Sunday, September 29, 2013

Revenge of the Three Bears

As month end for September 2013 nears, I started establishing monthly view of October. Having ‘big picture’ for the month is important as it is like view from rear mirror of the car – something you keep in mind as you move along with your trades. Let’s look at the monthly chart of nifty.

Nifty Monthly
Monthly Nifty Chart showing range

  1. Nifty is showing range bound movement. The range is from 5500 to 6100.
  2. Emerging Markets (EEM) overall showing range movement as well.
  3. So for the trades, we have to avoid any extreme sentiments.
Now, I would like to highlight a data pattern that may be unfolding for the October. The data is for BSE Sensex, which is more or less in synch with S&P Nifty.

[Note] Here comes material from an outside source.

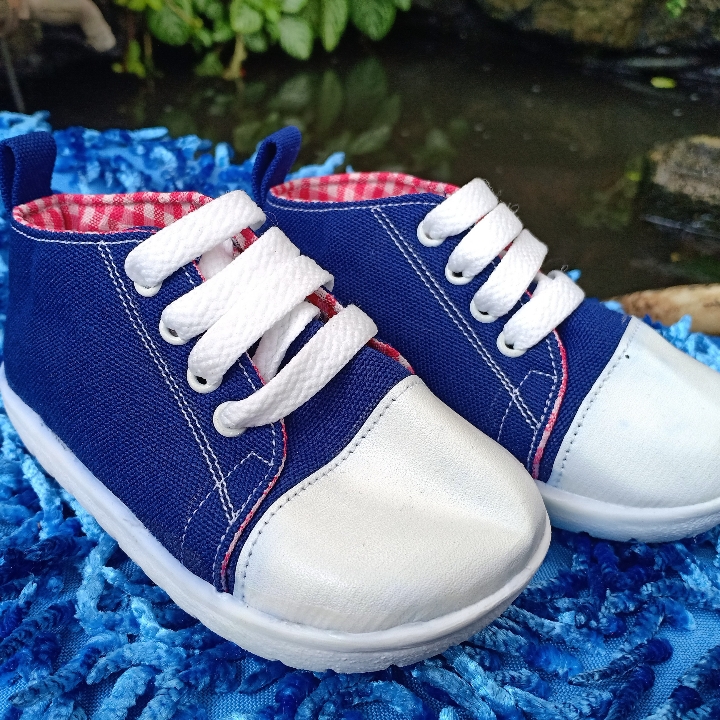 Sepatu Baby  3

  1. I have considered all the cases from 1997 to 2013, when Sensex closed in red for three consecutive months. This happened very recently for June, July and August. Three Bears!
  2. Then 4th month, September closed in green. So I have taken all the cases when 4th month closed in green after three consecutive red months.
  3. There are 8 such cases. For all instances, 5th month closed in red. The loss was in the range of -1.11% to -15.70%. This is what I call the revenge of three bears!
How we can use this information

As I mentioned earlier, this should be taken as warning and not the basis for initiating the trade. So considering monthly view and data pattern, in my all October trades, I plan to
  1. Book profits at important resistance levels.
  2. Keep tighter stop losses than usual.
  3. Protecting my portfolios by buying puts or selling index futures.